The following best practices come from the complete migration workflow and apply to any EPP Server upgrade or migration:

Planning

#Best Practice
01Migrate immediately — support for all 5.x versions ended 14 February 2026. Every day on a 5.x server is a day without security coverage. See Netwrix Endpoint Protector Server Supportability.
02Test the complete migration procedure in a lab environment before executing in production.
03Plan a maintenance window that is at least 2× your estimated migration duration.
04Communicate the maintenance window to all affected stakeholders and end users in advance.
05Verify the updated license (php_els field) before starting any migration activity.
06Keep the old server VM alive until the new environment is fully validated. Never decommission prematurely.

Backup and Recovery

#Best Practice
07Always create a VM snapshot AND a System Configuration Backup — they serve different recovery purposes.
08Store the System Backup Key in a password manager or secure vault.
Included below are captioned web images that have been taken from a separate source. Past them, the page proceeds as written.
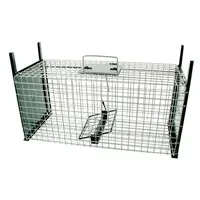 Rattenvangkooi met 2 ingangen en transporthendel 50 x 20 x 20 cm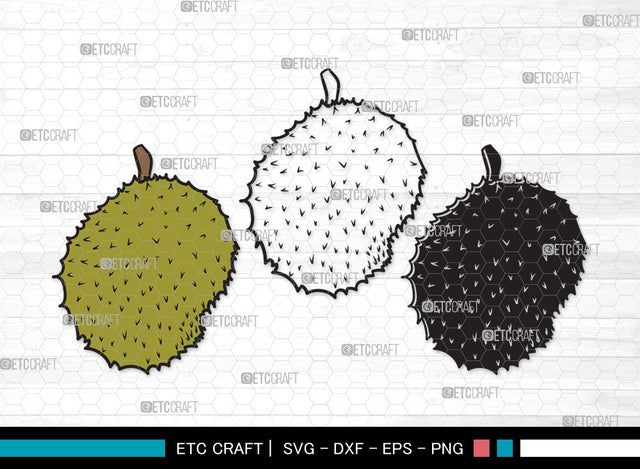 Soursop SVG | Soursop Graviola Svg | Guanabana Svg | Graviola Svg | Muricata | Soursop Clipart SVG ETC Craft 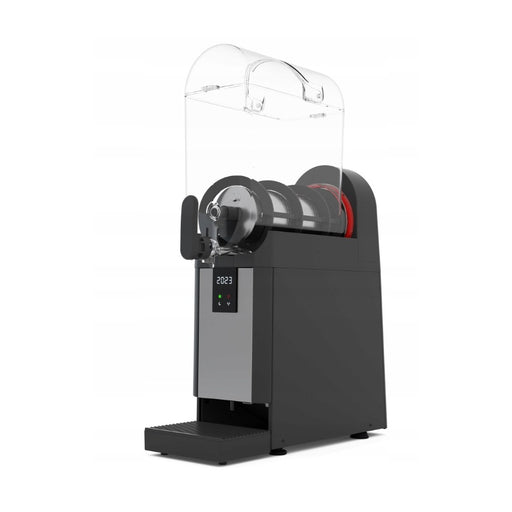 Machine à granita SMART V-AIR 1 bac 15L – vue de face avec écran digital, ventilation verticale compacte et réservoir grande capacité pour usage professionnel.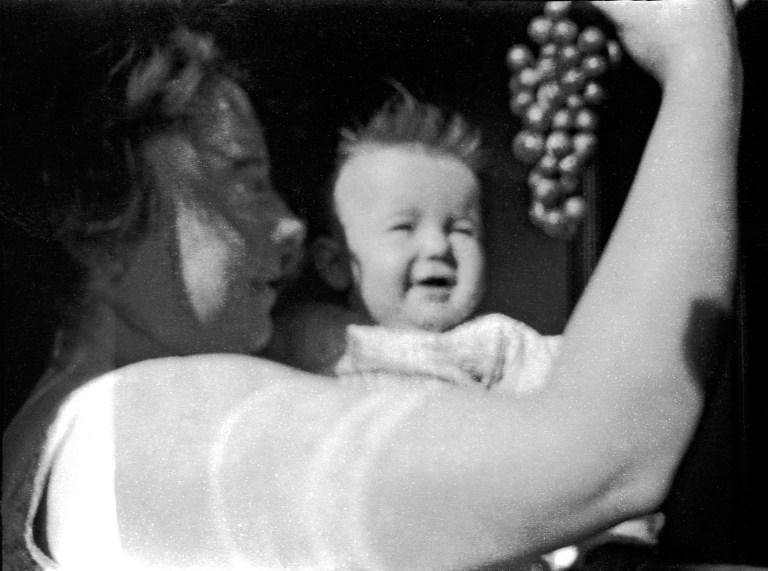 Maurice Denis Marthe offering Bernadette a bunch of grapes, Le Pouldu 1890, 15 September Negative on nitrate cellulose film 1 1:2 x 2 1:4 ins Musée d'Orsay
You can't recover it if you lose it.
09Label all backups with version, date, and purpose (e.g., pre-patch-5942, migration-to-2510).
10For compliance-regulated environments, export audit logs separately before migration — they aren't in the config backup.
11Test backup restoration in a non-production environment at least once before relying on it for production recovery.
12Create audit log backups to export logs off the server — don't use the server as a storage location. Backup files left on the server can be lost if the image fails or is replaced. Always download and store audit log backup files in a secure, external location.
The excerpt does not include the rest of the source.